うまく寝付けなかったバイロインは、また深夜の訓練を行おうかと立ち上がる。
しかし、夜間訓練はリョウウンによって禁止されているため、手持ち無沙汰に夜のキャンプ場を歩き回ることしかできなかった。
「... ...!」
皆が寝静まり、深い闇の包まれたキャンプ場で唯一明かりがついている部屋を見つける。
「隊長...」
暇を持て余したバイロインは、その灯りの方へと歩みを進めた。
リョウウンの耳は異常に発達しており、数キロ先の物音も聞き取れる。
そして、バイロインの寮からそう遠くはない部屋に滞在しているリョウウンは、バイロインが部屋から出た時の微かな扉の音を捉えることができた。
「またか...」
微かに聞こえる足音から、バイロインが数千歩以内にいることを察知する。
深いため息をつきながら、リョウウンは重い腰をあげた。
「また俺に怒られたいのか?」
下を向きながら歩いていたバイロインの前から、聞き覚えのある声が聞こえてくる。
「あ、」
バイロインは顔を上げると、首を横に振った。
「あなたがまだ寝ていなかったようなので、様子を見に...」
「なんでお前も寝ていないんだ?」
バイロインの言葉を遮り、リョウウンが被せて質問を投げかける。
どうしようもない表情を作ったバイロインは、「暇で」と肩をすくめながら答えた。
実際のところ、バイロインは疲労困憊で、ドアノブさえもまともに握れないほど弱っていた。
どのみち、したくても訓練などできないのである。
「じゃあ、俺のところに来い」
苦笑いを浮かべながら、リョウウンはバイロインを自室へと誘った。
リョウウンの部屋に入ると、パソコンの前に厚い冊子が積み上げられており、今にも崩れそうな様子だった。
そのファイルを勝手に開くと、あるパイロットの最近の訓練状況の仔細がまとめられていた。

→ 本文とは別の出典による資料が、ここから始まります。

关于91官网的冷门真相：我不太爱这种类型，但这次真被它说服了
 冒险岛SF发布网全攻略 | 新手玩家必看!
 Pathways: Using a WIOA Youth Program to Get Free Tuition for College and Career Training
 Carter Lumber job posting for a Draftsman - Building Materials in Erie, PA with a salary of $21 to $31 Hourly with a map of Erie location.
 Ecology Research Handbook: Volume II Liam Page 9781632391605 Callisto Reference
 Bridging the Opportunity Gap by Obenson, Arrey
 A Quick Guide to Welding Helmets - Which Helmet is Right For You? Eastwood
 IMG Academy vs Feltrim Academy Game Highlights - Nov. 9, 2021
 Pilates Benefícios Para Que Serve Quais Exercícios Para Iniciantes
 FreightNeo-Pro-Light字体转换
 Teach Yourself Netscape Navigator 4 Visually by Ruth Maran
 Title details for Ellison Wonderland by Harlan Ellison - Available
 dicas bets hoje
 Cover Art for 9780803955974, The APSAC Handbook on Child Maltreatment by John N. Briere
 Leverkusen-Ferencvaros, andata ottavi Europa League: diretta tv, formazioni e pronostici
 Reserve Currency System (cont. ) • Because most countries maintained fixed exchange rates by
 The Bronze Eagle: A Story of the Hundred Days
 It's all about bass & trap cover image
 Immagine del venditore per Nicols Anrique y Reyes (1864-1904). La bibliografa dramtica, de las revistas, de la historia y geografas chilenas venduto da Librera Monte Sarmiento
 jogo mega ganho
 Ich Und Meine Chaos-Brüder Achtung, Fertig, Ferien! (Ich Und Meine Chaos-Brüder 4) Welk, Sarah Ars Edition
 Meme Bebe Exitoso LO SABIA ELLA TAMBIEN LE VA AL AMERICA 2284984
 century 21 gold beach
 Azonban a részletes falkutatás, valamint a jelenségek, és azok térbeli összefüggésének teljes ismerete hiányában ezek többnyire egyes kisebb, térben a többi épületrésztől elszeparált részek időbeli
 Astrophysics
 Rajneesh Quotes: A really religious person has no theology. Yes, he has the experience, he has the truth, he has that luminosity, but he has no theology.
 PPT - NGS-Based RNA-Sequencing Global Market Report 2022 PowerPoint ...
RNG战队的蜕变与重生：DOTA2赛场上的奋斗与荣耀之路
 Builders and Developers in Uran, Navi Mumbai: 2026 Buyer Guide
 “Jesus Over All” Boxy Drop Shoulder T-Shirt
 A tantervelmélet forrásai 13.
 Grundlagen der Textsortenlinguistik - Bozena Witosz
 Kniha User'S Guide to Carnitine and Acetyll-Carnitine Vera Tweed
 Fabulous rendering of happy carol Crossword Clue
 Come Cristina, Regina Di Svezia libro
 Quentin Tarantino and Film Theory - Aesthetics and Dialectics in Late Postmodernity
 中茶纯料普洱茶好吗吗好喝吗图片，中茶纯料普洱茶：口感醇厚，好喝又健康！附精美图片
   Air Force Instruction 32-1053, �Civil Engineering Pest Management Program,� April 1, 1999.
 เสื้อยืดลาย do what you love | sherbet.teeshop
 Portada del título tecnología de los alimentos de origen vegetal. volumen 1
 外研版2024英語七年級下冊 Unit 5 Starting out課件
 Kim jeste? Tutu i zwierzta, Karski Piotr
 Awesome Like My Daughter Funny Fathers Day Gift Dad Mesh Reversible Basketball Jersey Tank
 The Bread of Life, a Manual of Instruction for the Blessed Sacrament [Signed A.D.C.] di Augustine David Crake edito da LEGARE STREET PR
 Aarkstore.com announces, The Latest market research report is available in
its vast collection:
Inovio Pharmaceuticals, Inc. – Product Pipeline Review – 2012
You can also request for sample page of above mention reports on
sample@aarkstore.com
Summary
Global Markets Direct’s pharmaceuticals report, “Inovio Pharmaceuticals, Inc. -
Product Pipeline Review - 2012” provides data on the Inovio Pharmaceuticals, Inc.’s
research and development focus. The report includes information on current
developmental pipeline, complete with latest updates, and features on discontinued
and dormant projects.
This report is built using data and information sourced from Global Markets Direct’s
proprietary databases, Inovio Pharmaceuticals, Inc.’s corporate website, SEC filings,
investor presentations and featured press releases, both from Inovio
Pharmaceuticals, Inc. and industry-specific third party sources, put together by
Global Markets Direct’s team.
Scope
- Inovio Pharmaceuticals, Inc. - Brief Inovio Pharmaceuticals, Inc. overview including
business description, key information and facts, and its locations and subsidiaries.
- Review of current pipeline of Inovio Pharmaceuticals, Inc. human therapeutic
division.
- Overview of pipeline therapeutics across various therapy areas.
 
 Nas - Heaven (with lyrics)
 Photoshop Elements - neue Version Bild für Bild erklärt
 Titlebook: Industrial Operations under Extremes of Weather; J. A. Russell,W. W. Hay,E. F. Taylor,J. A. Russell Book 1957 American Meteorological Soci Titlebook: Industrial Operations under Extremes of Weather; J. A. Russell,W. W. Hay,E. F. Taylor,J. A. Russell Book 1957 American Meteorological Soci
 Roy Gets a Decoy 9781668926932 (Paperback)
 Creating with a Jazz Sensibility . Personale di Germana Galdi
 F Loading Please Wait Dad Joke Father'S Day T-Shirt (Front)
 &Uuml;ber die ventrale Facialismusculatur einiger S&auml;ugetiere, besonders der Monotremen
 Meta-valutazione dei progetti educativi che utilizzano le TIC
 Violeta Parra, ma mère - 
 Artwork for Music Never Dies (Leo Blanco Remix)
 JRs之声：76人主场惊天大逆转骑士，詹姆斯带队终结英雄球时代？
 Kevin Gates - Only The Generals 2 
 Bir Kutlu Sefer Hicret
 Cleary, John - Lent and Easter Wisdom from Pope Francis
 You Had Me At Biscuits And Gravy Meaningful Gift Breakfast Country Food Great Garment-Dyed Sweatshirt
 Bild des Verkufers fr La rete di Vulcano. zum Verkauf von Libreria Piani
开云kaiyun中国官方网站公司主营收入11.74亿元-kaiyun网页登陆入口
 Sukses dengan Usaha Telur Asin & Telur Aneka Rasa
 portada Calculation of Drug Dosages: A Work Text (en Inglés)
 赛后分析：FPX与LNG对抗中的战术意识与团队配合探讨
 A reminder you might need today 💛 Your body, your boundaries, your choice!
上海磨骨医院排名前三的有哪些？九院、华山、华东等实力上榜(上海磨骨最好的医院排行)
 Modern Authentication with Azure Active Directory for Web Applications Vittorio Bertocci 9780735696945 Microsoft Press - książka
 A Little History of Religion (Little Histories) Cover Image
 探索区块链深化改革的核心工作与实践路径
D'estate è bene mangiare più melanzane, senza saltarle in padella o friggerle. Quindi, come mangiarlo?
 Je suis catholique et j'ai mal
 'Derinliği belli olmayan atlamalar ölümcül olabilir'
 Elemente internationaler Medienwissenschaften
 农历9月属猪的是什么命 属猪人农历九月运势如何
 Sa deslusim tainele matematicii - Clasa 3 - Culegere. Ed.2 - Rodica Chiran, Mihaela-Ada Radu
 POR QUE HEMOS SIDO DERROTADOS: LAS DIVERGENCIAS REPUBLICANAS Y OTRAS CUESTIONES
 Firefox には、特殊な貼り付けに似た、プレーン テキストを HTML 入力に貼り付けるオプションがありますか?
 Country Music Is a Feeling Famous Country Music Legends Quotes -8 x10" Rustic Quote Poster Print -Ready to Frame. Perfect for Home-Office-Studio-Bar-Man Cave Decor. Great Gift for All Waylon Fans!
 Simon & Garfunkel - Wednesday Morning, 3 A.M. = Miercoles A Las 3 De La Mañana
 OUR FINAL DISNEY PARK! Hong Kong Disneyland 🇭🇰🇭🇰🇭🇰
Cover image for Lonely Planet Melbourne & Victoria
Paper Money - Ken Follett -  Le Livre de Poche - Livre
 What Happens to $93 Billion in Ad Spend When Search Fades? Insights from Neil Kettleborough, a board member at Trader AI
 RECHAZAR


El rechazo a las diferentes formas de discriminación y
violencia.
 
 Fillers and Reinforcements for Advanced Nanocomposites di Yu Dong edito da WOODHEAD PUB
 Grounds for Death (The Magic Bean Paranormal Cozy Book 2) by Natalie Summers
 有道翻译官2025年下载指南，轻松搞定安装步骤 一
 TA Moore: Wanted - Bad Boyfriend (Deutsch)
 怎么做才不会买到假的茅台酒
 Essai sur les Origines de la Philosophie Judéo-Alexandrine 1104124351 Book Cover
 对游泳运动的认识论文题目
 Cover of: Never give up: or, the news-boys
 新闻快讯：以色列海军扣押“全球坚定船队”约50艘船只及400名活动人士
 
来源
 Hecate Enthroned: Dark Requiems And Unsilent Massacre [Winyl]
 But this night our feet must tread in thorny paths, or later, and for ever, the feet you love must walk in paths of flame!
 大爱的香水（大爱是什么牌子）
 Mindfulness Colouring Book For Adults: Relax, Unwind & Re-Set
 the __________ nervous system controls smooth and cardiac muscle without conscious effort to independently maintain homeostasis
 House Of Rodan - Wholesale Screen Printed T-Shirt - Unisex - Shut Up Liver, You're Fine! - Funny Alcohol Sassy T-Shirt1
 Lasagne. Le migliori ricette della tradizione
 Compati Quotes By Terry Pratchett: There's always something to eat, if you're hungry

「身体状況分析、心理的素質分析......すごいな。全部手書きだ...」
リョウウンがペンと紙を持って訓練場にいる姿を思い出せないのにも関わらず、ここまで詳細に全隊員分の情報があることに驚きを隠せないでいた。
「...毎晩、こうして作業をしていたのですか?」
バイロインの質問に、リョウウンはインクで汚れた手を洗いながら答える。
「いや、最近上司に近況報告を命令されてな。それで慌ててまとめてただけさ。」
「報告、ですか?」
「ああ、明日この資料を持って本部に届けるってわけだ」
「明日...」その言葉を聞いて胸が騒ぎ出す「...北京に、帰るということ、ですか?」
洗い終わった手を拭きながら、リョウウンは声も出さず首肯する。
ーー北京に行ける...!?
その事実にバイロインは興奮して鼻息が荒くなり始めていた。
「どうした?」
おかしな様子のバイロインを覗き込むように眺めながら、リョウウンは眉間に皺を寄せる。
「何か買ってきて欲しい物でもあるのか?」
「い、いいえ」
呼吸を抑えながら、バイロインは首を横にふる。
「そうか。なら、お前も早く寝ろ。俺が向こうに行ってる間は、ここをお前に任せるんだからな」
リョウウンの言葉を朧げに聞きながら返事をして、どこか重たい足取りで扉まで歩く。
ドアノブまで手をかけた時、静電気が走って弾けたようにバイロインは口を開く。
「隊長。その、明日の北京の件。俺も同行できませんか!!?」
「はぁ?同行?...なんだ、もうリタイアしたいのか?」
リョウウンは冗談を言って笑いながら顔を掻く。
「まだ訓練が始まって数十日しか経っていない。なんなら、メインイベントは今から来るはずだろう?」
「リタイアしたいわけではありません」
リョウウンの言葉を否定した後、しばらくの沈黙があったが、バイロインは絞り出すように口を開く。
「儀式に、行きたいのです」
「儀式ぃ!?」
硬い物言いに、リョウウンは誰かが結婚したのか?と好奇心を示す。
「結婚ではないです。...グー社長が経営する企業が上場するようで、それのセレモニーがあるのですが、長いこと協力してきた私はそこに参列すべきだと思いまして...」
バイロインは瞬時に考えた完璧な理由をスラスラと述べる。
しかし。変な勘違いをしたリョウウンは、大丈夫だと肩を叩いて笑みを浮かべる。
「そこまでメンツを気にするなら、報告を済ませた後に俺自身が参加してくるよ。それで大丈夫だろ?」
その言葉を待っていたバイロインは、同じく笑みを浮かべながら口を開く。
「なら、なおさら自分も付いて行かないとですね。」
「なんだと!?俺がヘマをするとでも思ってるのか!」
リョウウンの大声と同調するように、バイロインも大きく笑う。
釣られて笑ったリョウウンが落ち着くと、「じゃあ」と呟いて息を整える。
「じゃあ、俺と一緒に行くぞ。でも、本部へと報告した後に向ったら時間がなくなるかもしれない。だから、式にはお前が先に向かっておいてくれ。」
昔の関係では考えられないリョウウンの優しさに、バイロインの顔は綻びを止められない。
「はい!」
「ただし、俺が迎えにいったらすぐに戻ってこいよ。時間の遅れは許さないからな!」
「はい!!」
返事と共に姿勢を正し、美しい軍礼をリョウウンに向けた。
まだ当たりが薄暗い早朝。リョウウンとバイロインは訓練施設を旅立つ。
道中で渋滞に遭ってしまい、予定時刻よりも三十分ほど遅れて時刻は三時過ぎになっていた。
「後は自分で行きます!」
リョウウンの車から降り、しばらく走ってはレンタル車を手配し、途中から別行動でグーハイの会社へと急行する。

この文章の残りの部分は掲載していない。